Centro_commerciale1L’apertura domenicale dei centri commerciali e di una sempre maggiore quantità di singoli negozi nelle città, pur apparendo ormai un dato consolidato nel quadro delle prassi economiche e delle abitudini sociali, continua a suscitare discussioni, prese di posizione ed iniziative volte ad evidenziare le perversioni di un consumismo che invade anche le festività, nonché ad esperire tentativi per un’inversione di rotta.

Si comprende che i sindacati si adoperino per contenere i disagi e per garantire i diritti ai lavoratori – a cominciare dalla retribuzione – impegnati nei turni festivi, anche battendosi perché la distribuzione nei giorni non feriali possa essere, se non abolita, almeno contenuta e, soprattutto, ben regolamentata.

Si capiscono anche gli appelli della Chiesa a dedicare maggior spazio, nella ricorrenza settimanale, alla pratica religiosa. Anche se appare difficile persuadersi che le opportunità di dedicarsi allo shopping siano causa credibile del calo della frequenza nel culto e dell’attitudine ad osservare i doveri di credente. Chi ha a cuore questo problema ha sicuramente coscienza che su ben altro occorre interrogarsi.

Si spiega altresì la contrarietà dei piccoli esercenti alla situazione determinatasi, per l’evidente danno loro recato dalle aperture senza interruzione, oltre che dalla concentrazione dei punti di vendita in complessi dedicati facilmente raggiungibili.

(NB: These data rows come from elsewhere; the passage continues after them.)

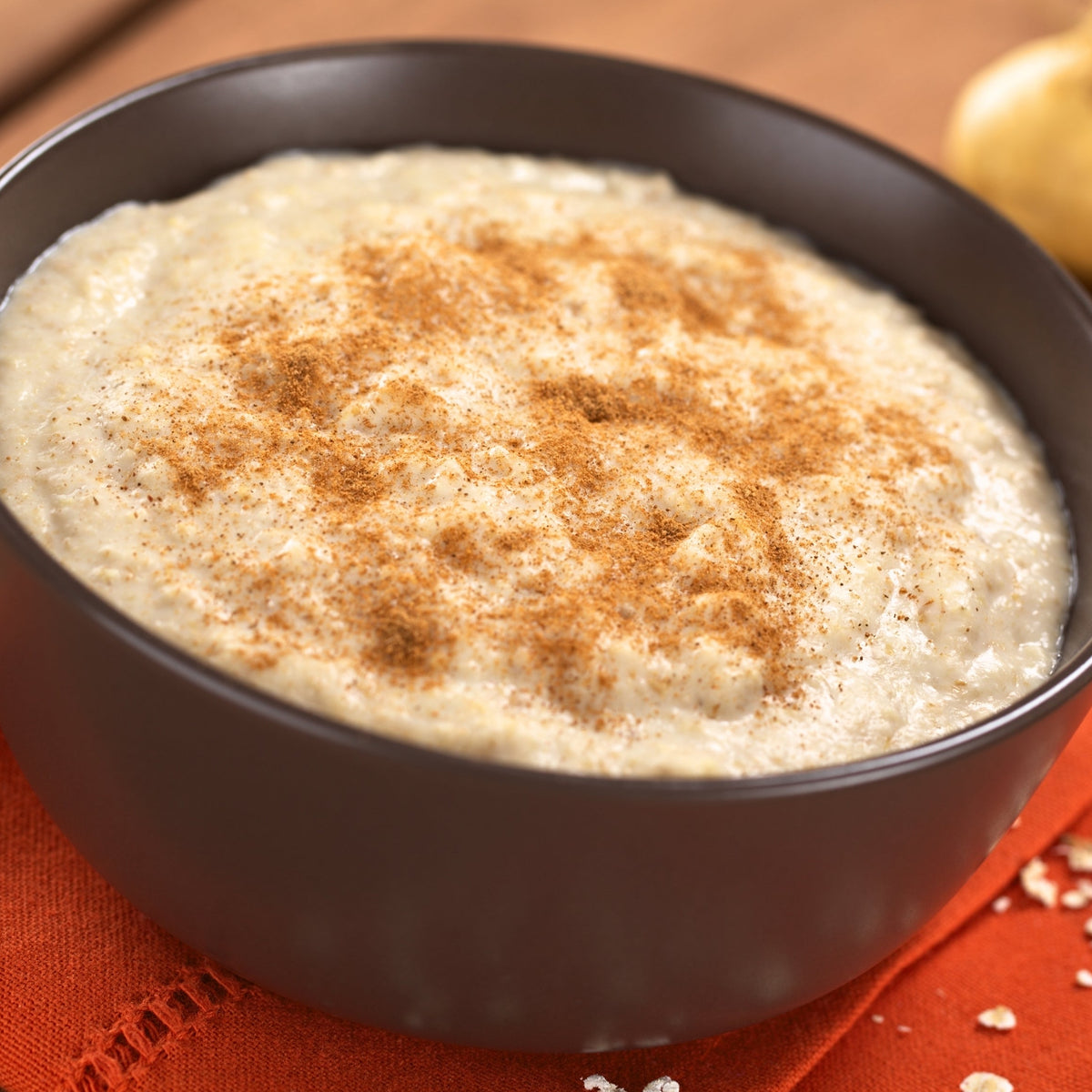 A warm bowl of creamy porridge made with maca powder is topped with a light dusting of spice, showing a breakfast use for The Herb Shed Organic Maca Powder.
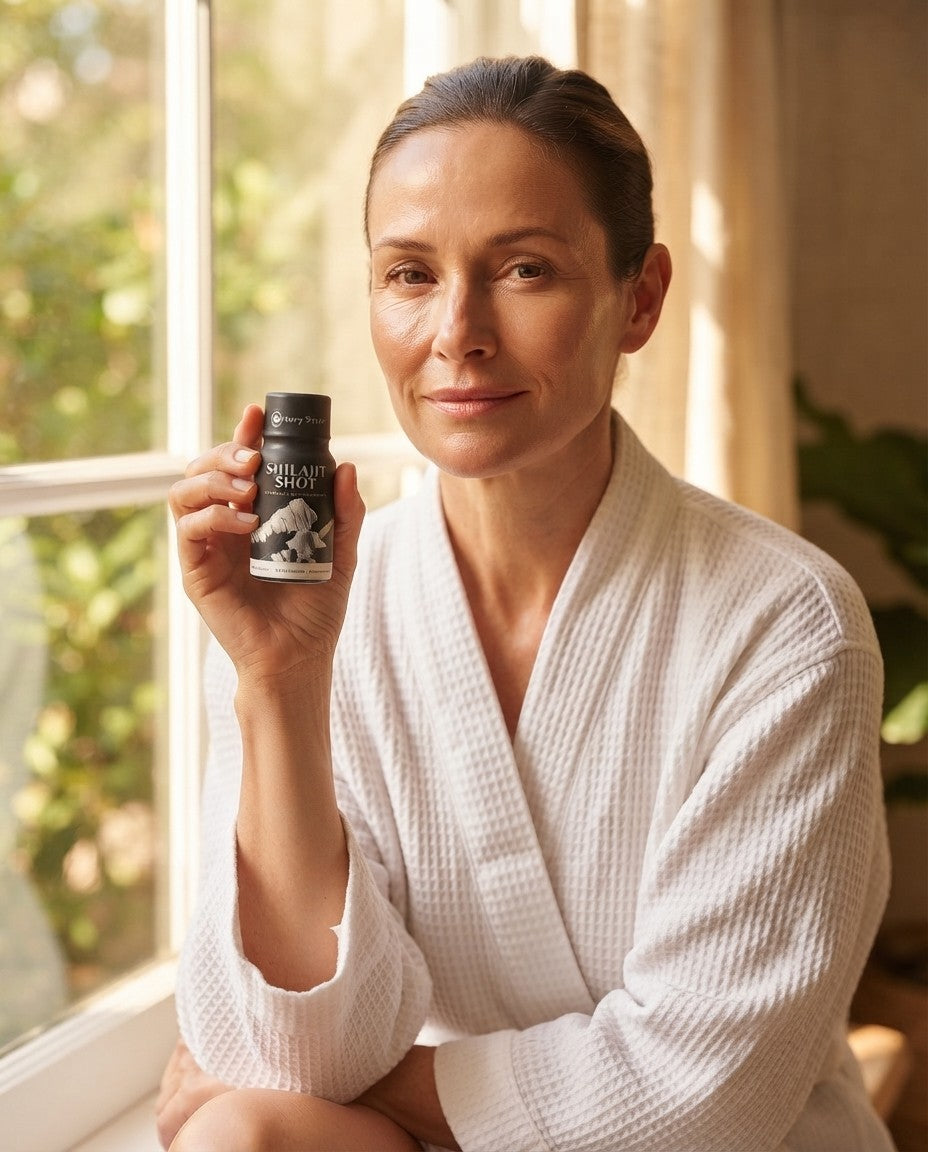 Woman in a white robe by a sunny window holding a Holy Shilajit Shilajit Shot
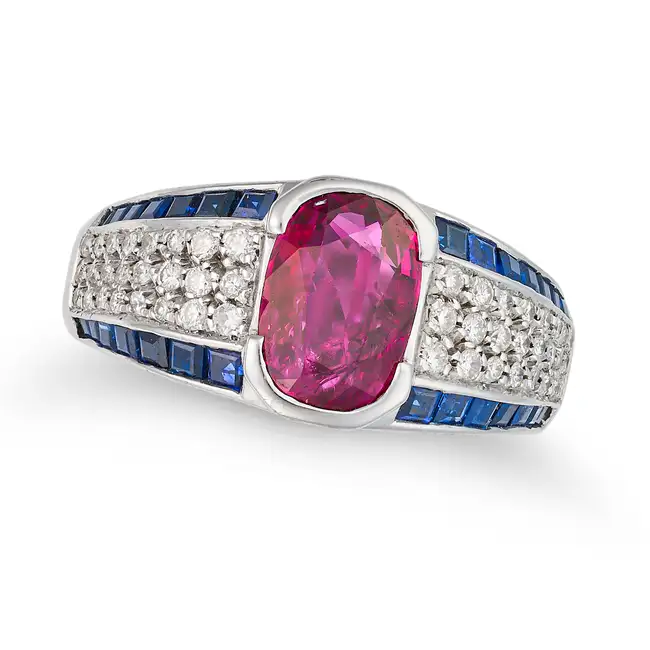 A RUBY, SAPPHIRE AND DIAMOND DRESS RING set with a cushion cut ruby of approximately 050 carats, the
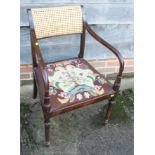 A mahogany carver dining chair of Regency design with caned panel back and needlepoint drop-in seat,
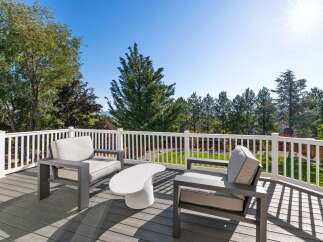 Enjoy breathtaking views from this expansive deck, perfect for outdoor entertaining or quiet relaxation.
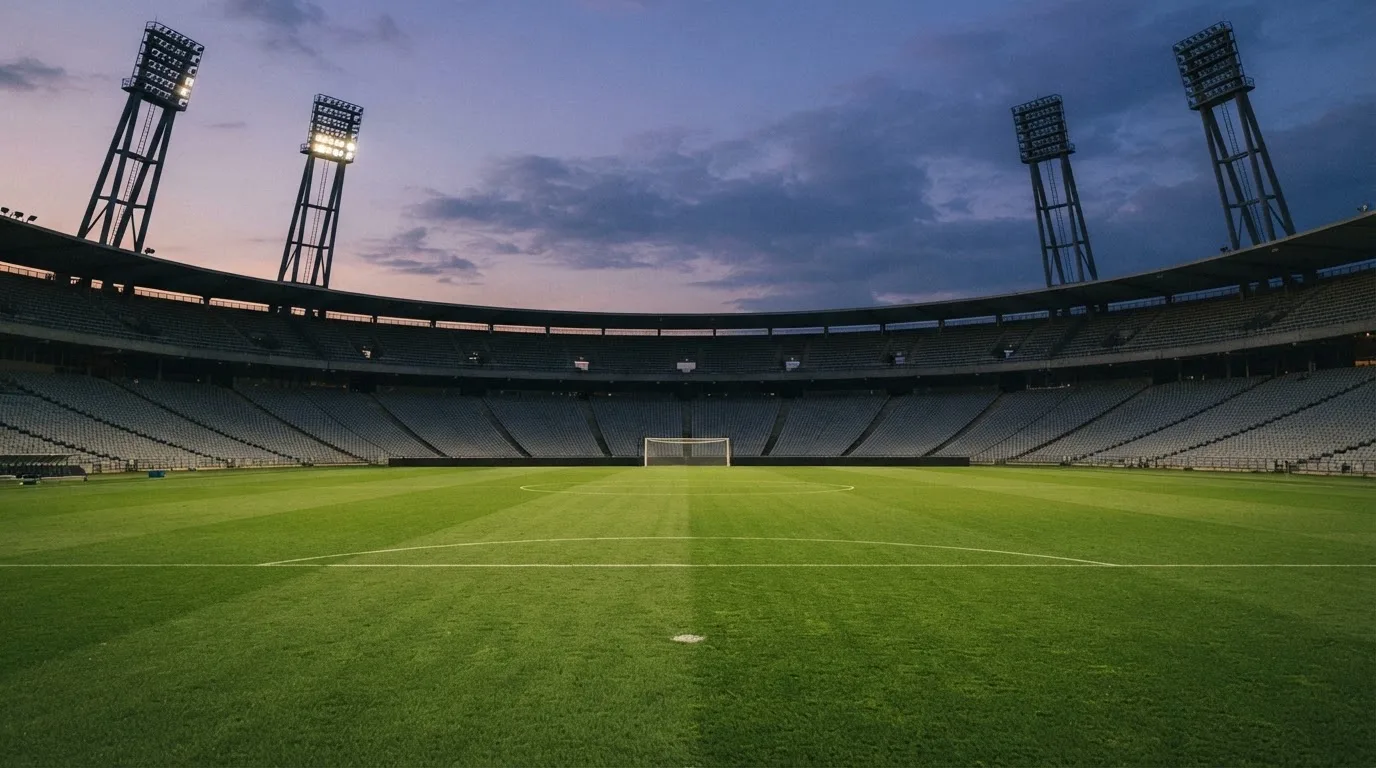 An empty football stadium with floodlight masts at dusk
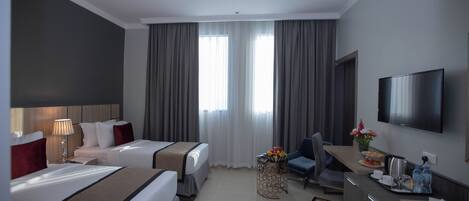 A hotel room with two beds, a desk, a TV, and a dining area.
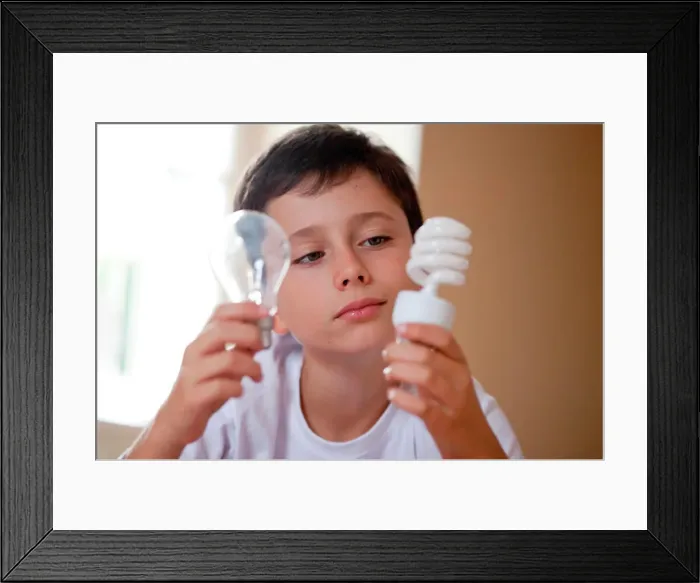 Framed Print : Boy holding energy saving lightbulb (right) and incandescent lightbulb (left) Framed Print : Boy holding energy saving lightbulb (right) and incandescent lightbulb (left)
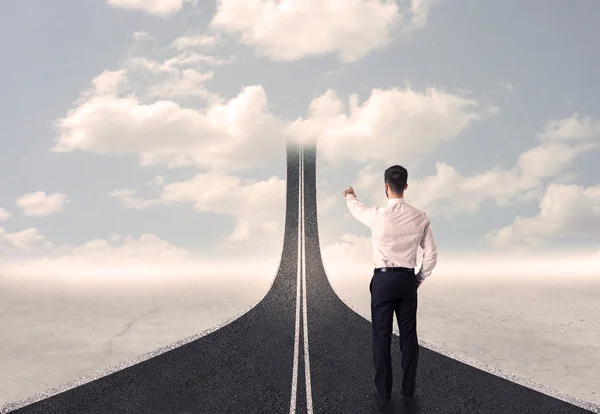 Businessman looking at 3d road that goes up in the sky — Stock Photo, Image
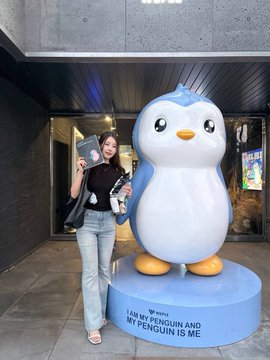 A person poses with a large Pi Network penguin mascot statue that has a base reading 'I AM MY PENGUIN AND MY PENGUIN IS ME'.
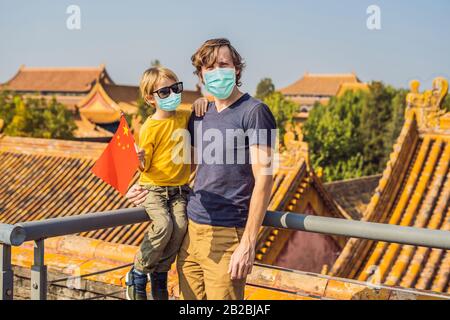 Urlaub in China genießen. Glückliche Familie in medizinischer Maske mit nationaler chinesischer Flagge in Verbotene Stadt. Reisen Sie mit dem Kinderkonzept nach China. Touristen Stockfoto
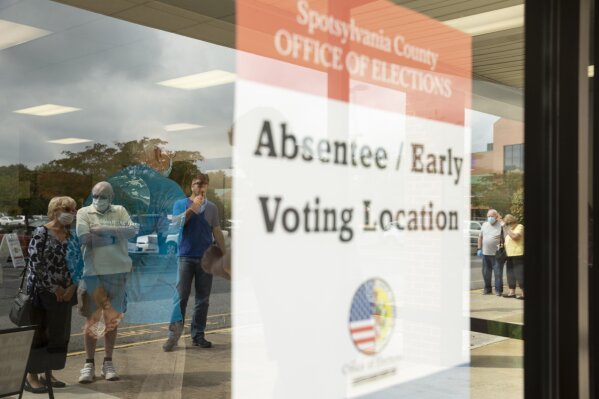 Voters wait in line to cast ballots in the general election, Friday, Sept. 18, 2020, at the Office of Elections satellite location in Spotsylvania, Va., on the first day of the state's 45-day early voting period. (Mike Morones/The Free Lance-Star via AP)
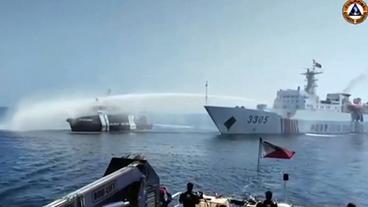 Ein Boot wird mit einer Wasserfontäne eines anderen Schiffes bedrängt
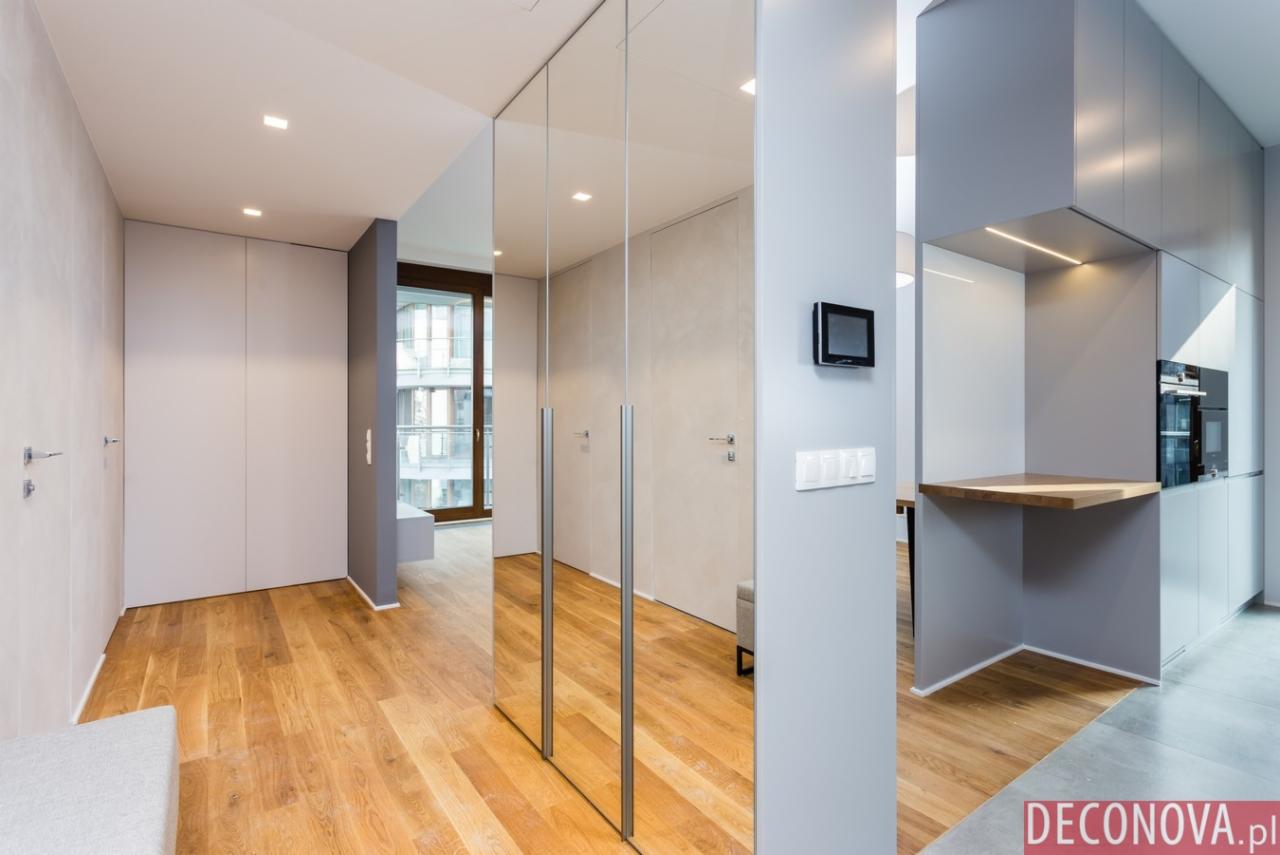 Nowoczesne wnętrze mieszkania z drewnianą podłogą, lustrzanymi drzwiami szafy wnękowej, szarymi ścianami i zabudową kuchenną z drewnianym blatem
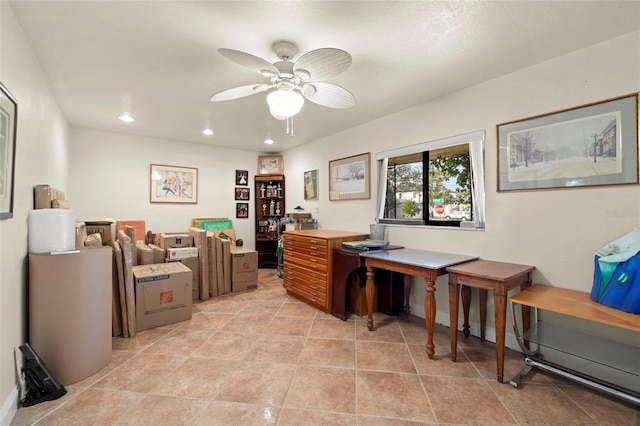 office featuring light tile patterned floors, a ceiling fan, and recessed lighting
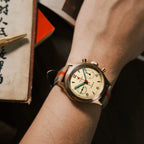 Seagull 1963 Bronze Lume on the wrist beside a Chinese book and a brass pen
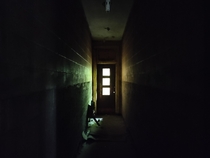 Dark and claustrophobic hallway in an abandoned elementary school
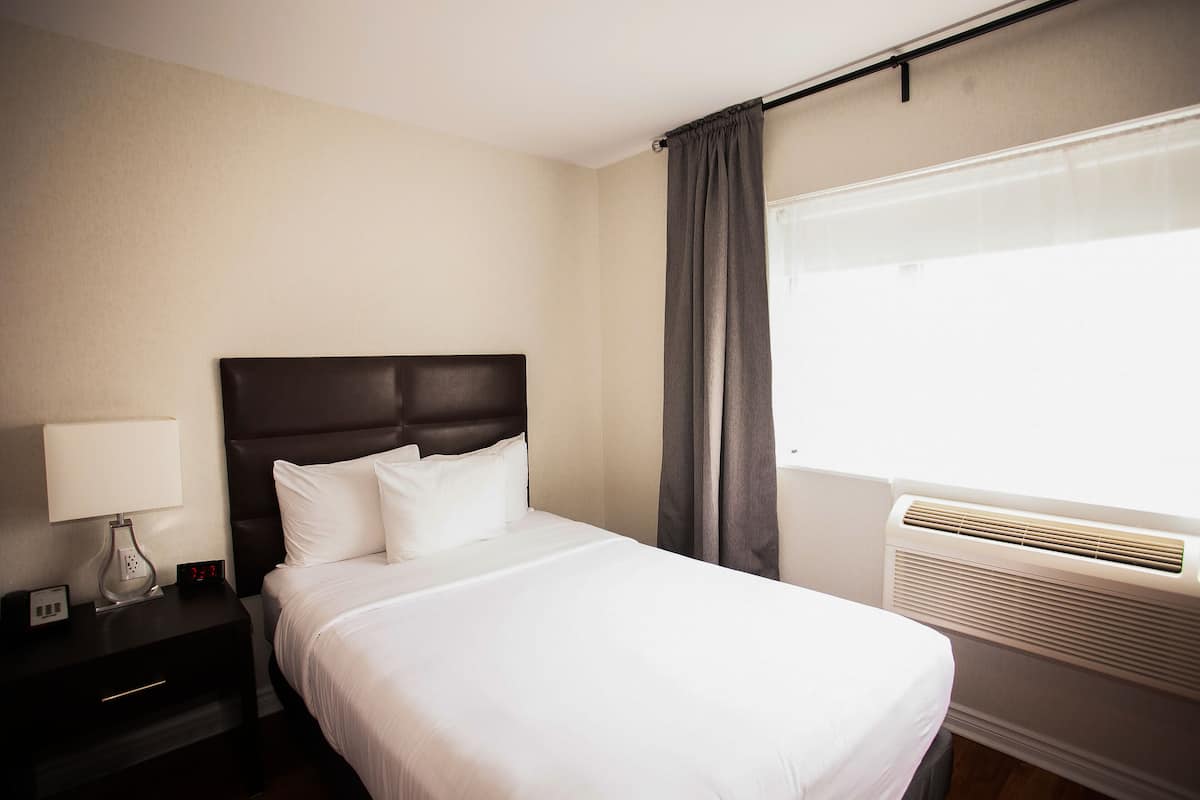 Room, Queen, Non-Smoking | Desk, blackout drapes, iron/ironing board, free WiFi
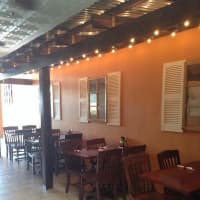 <p>Wood beams, tin roof and strings of lights provide ambiance for diners.</p>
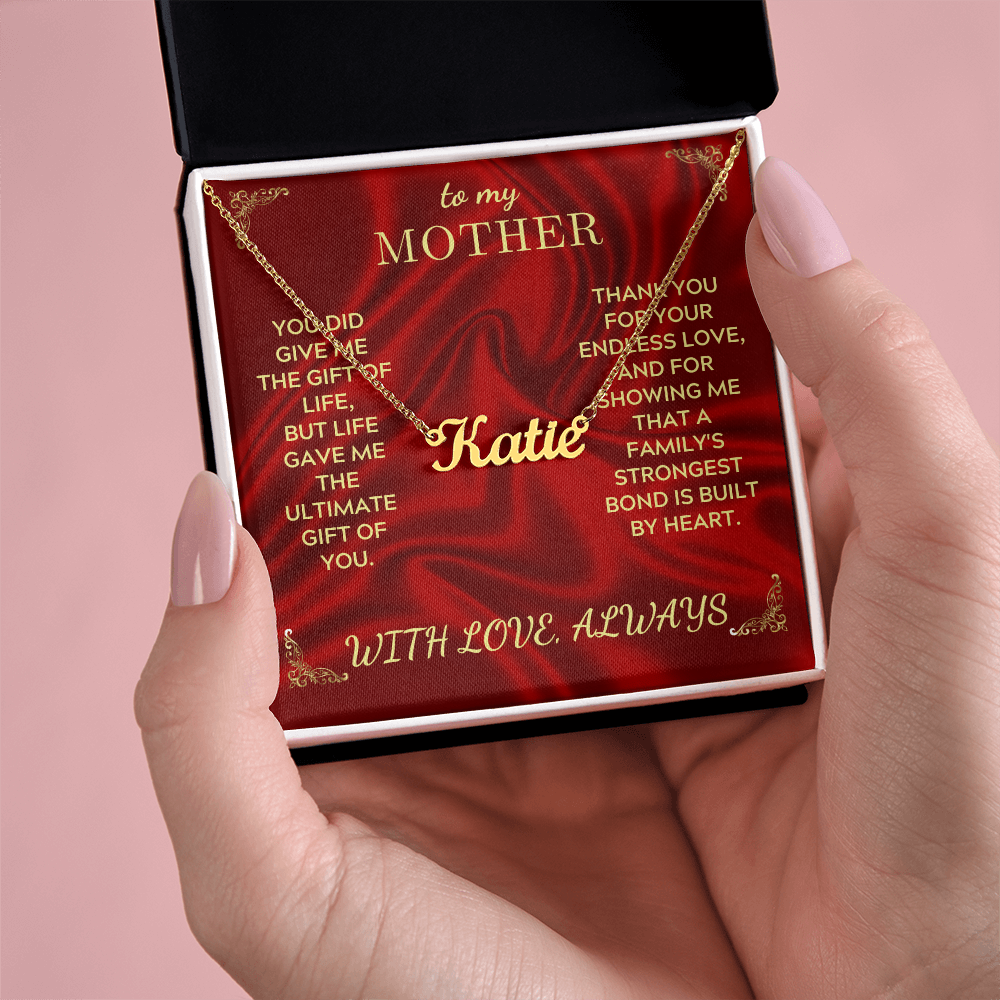 Personalized name necklace with Katie pendant and gold-tone chain in gift box, held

Se tutto questo è quindi comprensibile e spiegabile, meno coerente appare invece l’adesione ad orientamenti analoghi da parte di ambienti politici, primi fra tutti quelli che esprimono i vertici istituzionali della Toscana e della gran parte delle amministrazioni locali della regione, che hanno favorito la grande distribuzione. Questa ha indubbiamente stravolto il panorama sociale dei nostri centri abitati, sostenuta con ogni probabilità anche per la propensione alla realizzazione di veri e propri «falansteri» del commercio, assai meglio adattabili a schemi prevalenti di contiguità tra politica e sindacalismo.

Rimane da considerare l’inclinazione dell’utenza e non è davvero poco. Guarda caso i consumatori sembrano davvero gradire la possibilità, se non proprio di fare acquisti, comunque di recarsi alla domenica presso i grandi centri commerciali, specie nel periodo estivo di questi tempi di crisi, dove ai negozi si associa l’aria condizionata. Come pure è bene accolta la possibilità di passeggiare nelle città con le rivendite aperte anche nei giorni di festa.

Si tratta indubitabilmente di un nuovo modo di impiegare il tempo libero, certamente favorito dall’offerta di opportunità attentamente studiate, sicuramente anche espressione di un consumismo dominante ma non per questo esecrabile. Un fatto attinente alla modifica degli usi e dei costumi e, quindi, di cultura. Ed è soprattutto su questo piano che occorrerebbe approfondire la valutazione. Sulla capacità della società odierna di elevarsi rispetto a stili di vita che, sebbene correlati a livelli di benessere ancora accettabili, sono ispirati a scelte comportamentali più subite che consapevoli.

Insomma andare la domenica al centro commerciale non sarà il massimo, ma certamente non si fa peccato né ad ogni modo si prevarica il prossimo o si commette reato.